# Is gore tex worth it.



## john doe (Nov 6, 2009)

Trying to decide between the Level Fly gloves and the Level Halfpipe gloves. The only difference I can see is that the Halfpipes are $20 more and they have gore tex instead of the Membra-Therm Plus. Is gore tex worth the extra $20?


----------



## MistahTaki (Apr 24, 2010)

yes

10char


----------



## AngryHugo (Oct 8, 2009)

yep. it'll breathe better, and it's easier to take care of. pretty much lasts forever, too.


----------



## Triple8Sol (Nov 24, 2008)

This thread doesn't need to go on any further. Answer is a definitive yes, if you can afford it.


----------



## TLN (Sep 7, 2010)

One more answer: YES =)
I was widing all the weekend in Hestra gore tex gloves, and they're perfect! no wetm no cold. all i need. But they're pricey..


----------



## john doe (Nov 6, 2009)

Damn you people making me spend more money. Never imagined I'd be spending $110 on gloves but here I am. Good thing my Smokin I just bought was $85 off and my F20's were only $90.


----------



## jmacphee9 (Nov 11, 2008)

MistahTaki said:


> yes
> 
> 10char


/endthread.

edit: with that said, you dont need to pay 110$ i always buy my gloves at marshalls or tj maxx, got burton gloves for 20$ last season...only reason i would spend 110 is if they were thick leather palms+goretex. 

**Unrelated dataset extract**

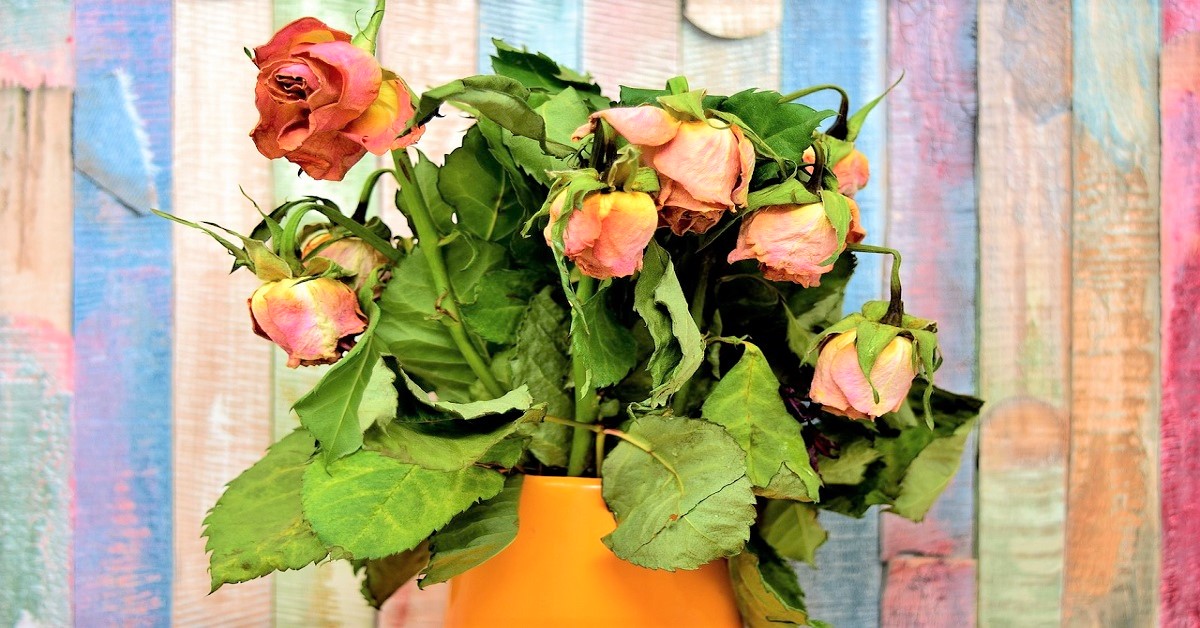 「心情不好」跟「跑步」的耗氧量幾乎一樣！愛美不能忽略身體的缺氧警報 女生研究室、耗氧量、缺氧、保養、健康、讀讀書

goretex+gloves is possibly greatest creation ever? third to a snowboard and the wheel, maybe.


----------



## john doe (Nov 6, 2009)

My wrist injury this summer requires that I have wristguards. The Level gloves are the best I have found. Not leather but they have kevlar palms and finger tips. I'm hoping black friday blesses me with a decent deal on some so I'm not paying full retail.


----------